**Required work:** Please reproduce each line of the data below as it stands.
━━ Supplied material
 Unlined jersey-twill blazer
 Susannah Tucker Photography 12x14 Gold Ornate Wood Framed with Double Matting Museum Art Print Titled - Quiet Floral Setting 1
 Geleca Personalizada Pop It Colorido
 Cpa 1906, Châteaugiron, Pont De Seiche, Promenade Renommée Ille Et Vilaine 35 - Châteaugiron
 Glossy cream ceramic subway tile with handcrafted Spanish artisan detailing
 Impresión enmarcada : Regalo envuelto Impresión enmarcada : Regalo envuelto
━━━━
**Expected answer:**
 Unlined jersey-twill blazer
 Susannah Tucker Photography 12x14 Gold Ornate Wood Framed with Double Matting Museum Art Print Titled - Quiet Floral Setting 1
 Geleca Personalizada Pop It Colorido
 Cpa 1906, Châteaugiron, Pont De Seiche, Promenade Renommée Ille Et Vilaine 35 - Châteaugiron
 Glossy cream ceramic subway tile with handcrafted Spanish artisan detailing
 Impresión enmarcada : Regalo envuelto Impresión enmarcada : Regalo envuelto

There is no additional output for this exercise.